◆ What you need to do:
Return each entry word for word, without its pictures.

Saved data entries
:::::

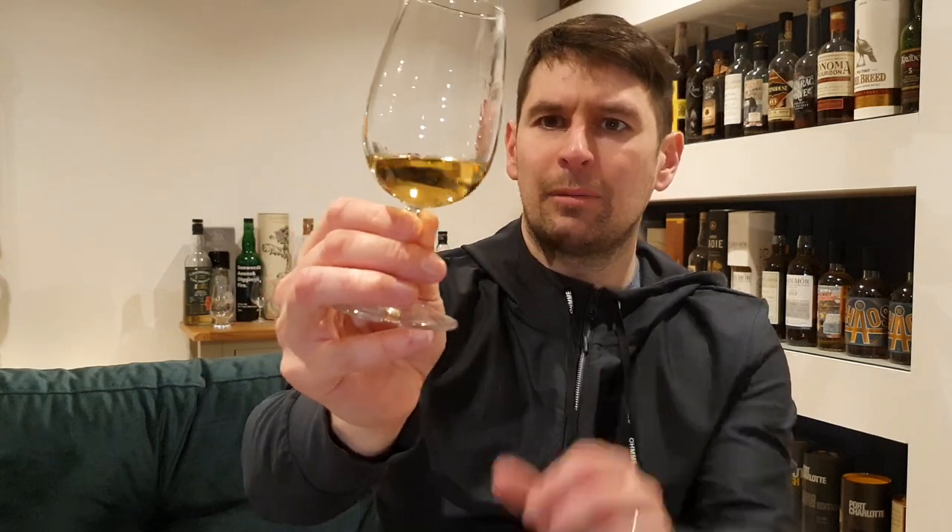On the colour front, again I believe it to be natural colour. Ignore my thumbprint on the side of the glass — that's classy. Quite a nice light gold, which tells me it's either ex-bourbon or some form of refill, possibly both — refill bourbon, one of the two. Some legs on the glass that are going down quite quickly.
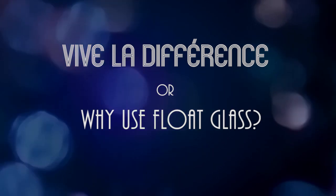Vive la difference — that's French for long live the difference. Float glass is different than the glass that we use for fusing. It's not inferior and it's not superior. It's just different. We're going to look at some of the many ways that it is different.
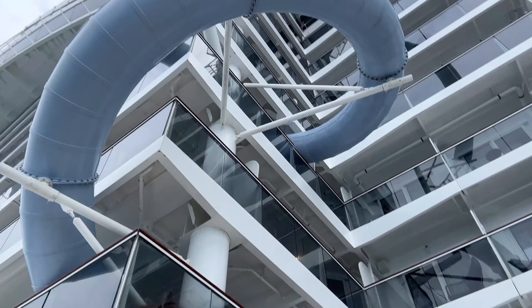The slide above me is open and someone just came down and screamed the whole way — that was funny.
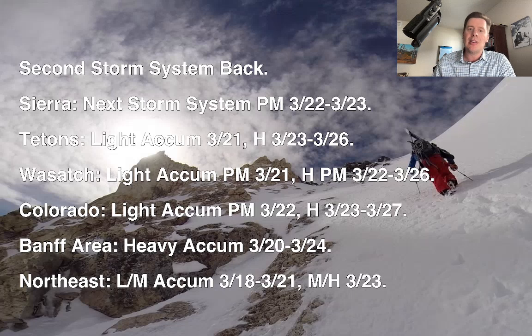You can see the timeline here for the different areas. Sierra, Tetons, Wasatch, Colorado, Banff area — heavy snow accumulation hits there first, 3/20 through 3/24. In the northeast, light to moderate accumulations, kind of scattered, 3/18 through 3/21. But the add-in here for this afternoon is moderate to heavy snow on 3/23 potentially, so that could increase the totals in the northeast.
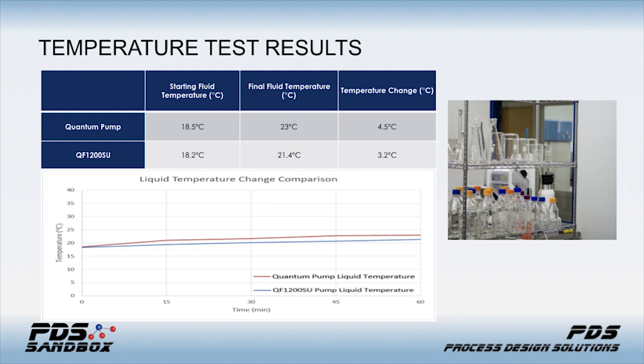For temperature testing, we ran recirculated process material through the pump head over time. We run processes where ±0.1°C is the normal operating range and ±0.2°C is the process acceptable range. This could be important over time, but if you have a jacketed vessel, you just tune the jacket recirculation to compensate for whatever temperature was imparted. Ultimately, this data is just a consideration you'd need to evaluate prior to making a pump selection.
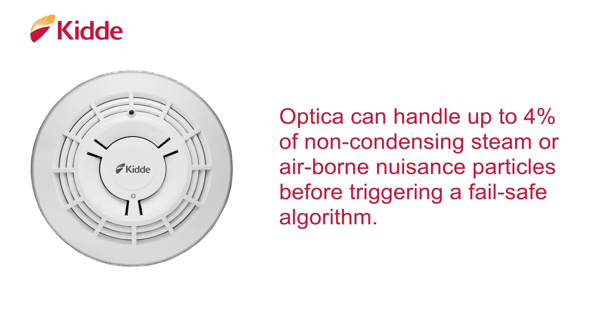Optica can handle up to 4% of non-condensing steam or airborne nuisance particles before triggering a time-delayed fail-safe algorithm.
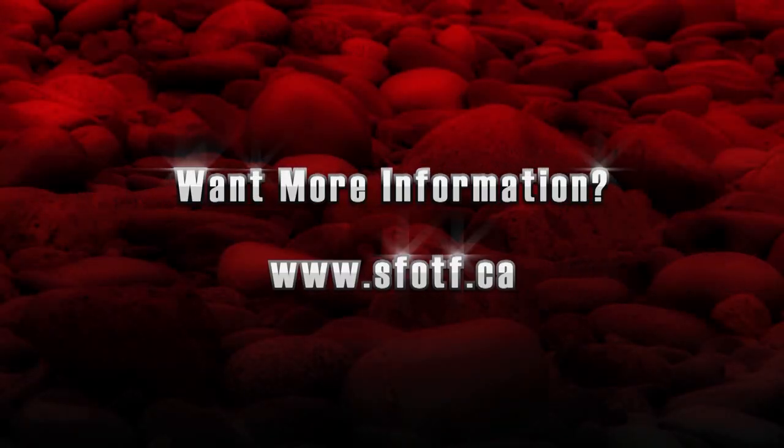Want more information? Visit us at sfotf.ca. To watch all our latest Sport Fishing on the Fly episodes and to order merchandise, head to www.sfotf.ca. And if you would like to book an adventure like this one, head to ontheflyadventures.ca and book yourself the trip of a lifetime.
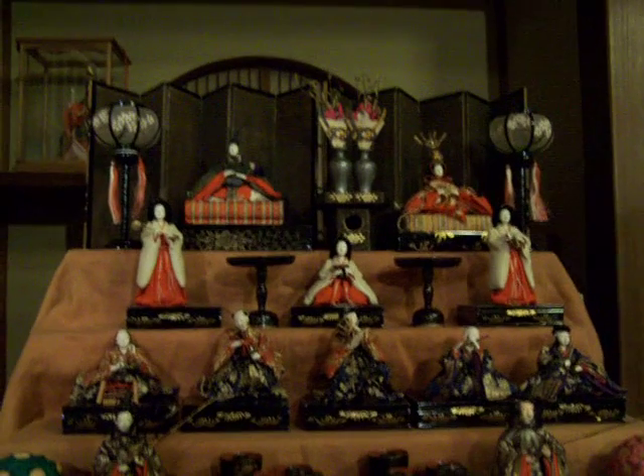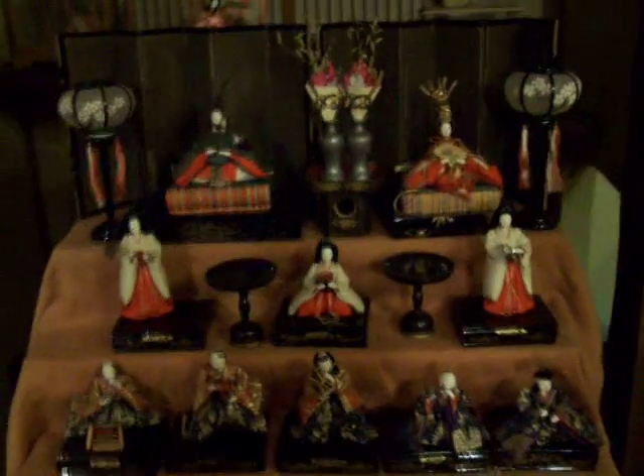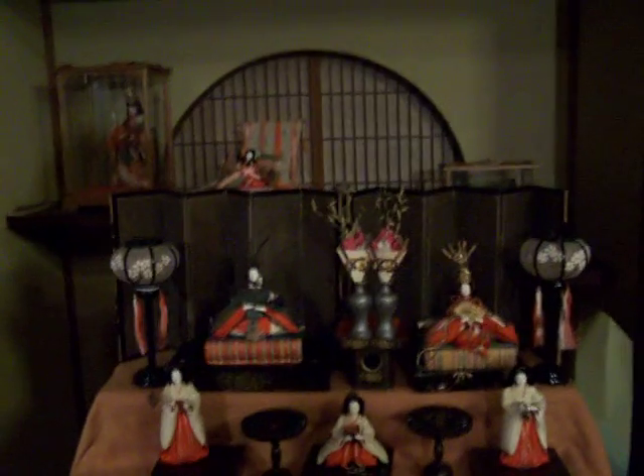There are many other displays like this in this sort of museum, which used to be an inn where emperors could come stay. Take a look around the room real quick — let's show some of the other things.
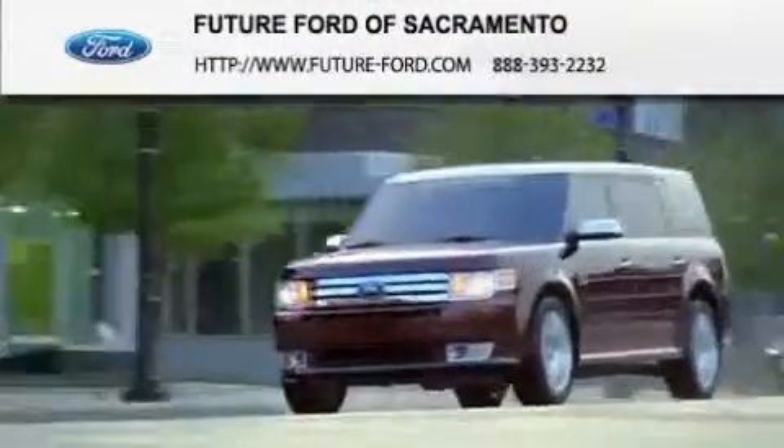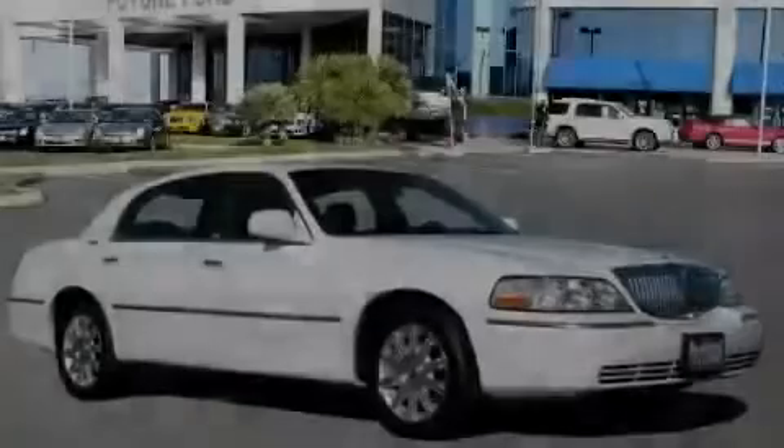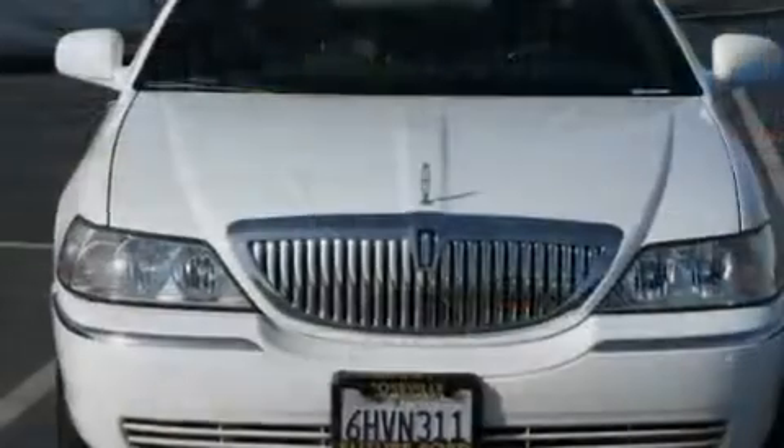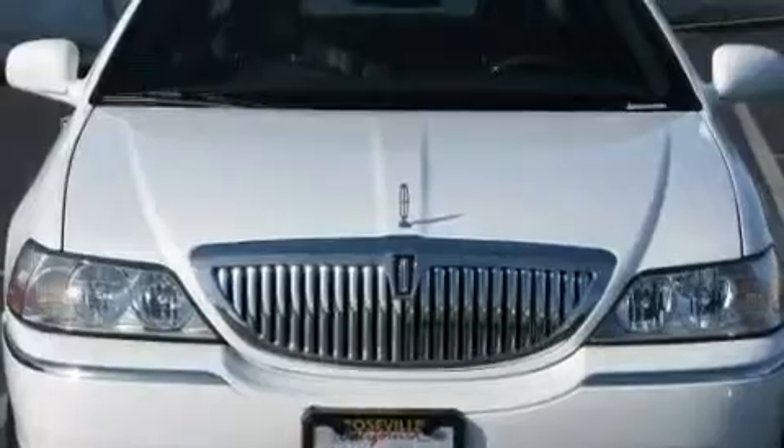Another fine vehicle offered by Future Ford of Sacramento. This is a 2010 Lincoln Town Car. It has a 4.6 liter 8-cylinder engine and a 4-speed automatic transmission.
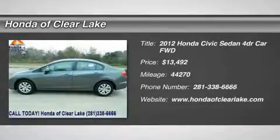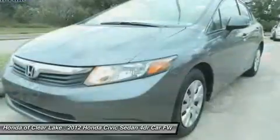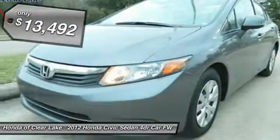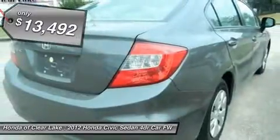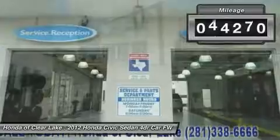New Arrival. This vehicle is currently located in our service department where it will undergo a complete and thorough inspection. Once the inspection has been completed and the vehicle meets or exceeds Honda of Clear Lake's high standards for pre-owned vehicles, it will be test drive ready.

:::::

◆ Solution to this exercise:
On the colour front, again I believe it to be natural colour. Ignore my thumbprint on the side of the glass — that's classy. Quite a nice light gold, which tells me it's either ex-bourbon or some form of refill, possibly both — refill bourbon, one of the two. Some legs on the glass that are going down quite quickly.
Vive la difference — that's French for long live the difference. Float glass is different than the glass that we use for fusing. It's not inferior and it's not superior. It's just different. We're going to look at some of the many ways that it is different.
The slide above me is open and someone just came down and screamed the whole way — that was funny.
You can see the timeline here for the different areas. Sierra, Tetons, Wasatch, Colorado, Banff area — heavy snow accumulation hits there first, 3/20 through 3/24. In the northeast, light to moderate accumulations, kind of scattered, 3/18 through 3/21. But the add-in here for this afternoon is moderate to heavy snow on 3/23 potentially, so that could increase the totals in the northeast.
For temperature testing, we ran recirculated process material through the pump head over time. We run processes where ±0.1°C is the normal operating range and ±0.2°C is the process acceptable range. This could be important over time, but if you have a jacketed vessel, you just tune the jacket recirculation to compensate for whatever temperature was imparted. Ultimately, this data is just a consideration you'd need to evaluate prior to making a pump selection.
Optica can handle up to 4% of non-condensing steam or airborne nuisance particles before triggering a time-delayed fail-safe algorithm.
Want more information? Visit us at sfotf.ca. To watch all our latest Sport Fishing on the Fly episodes and to order merchandise, head to www.sfotf.ca. And if you would like to book an adventure like this one, head to ontheflyadventures.ca and book yourself the trip of a lifetime.
There are many other displays like this in this sort of museum, which used to be an inn where emperors could come stay. Take a look around the room real quick — let's show some of the other things.
Another fine vehicle offered by Future Ford of Sacramento. This is a 2010 Lincoln Town Car. It has a 4.6 liter 8-cylinder engine and a 4-speed automatic transmission.
New Arrival. This vehicle is currently located in our service department where it will undergo a complete and thorough inspection. Once the inspection has been completed and the vehicle meets or exceeds Honda of Clear Lake's high standards for pre-owned vehicles, it will be test drive ready.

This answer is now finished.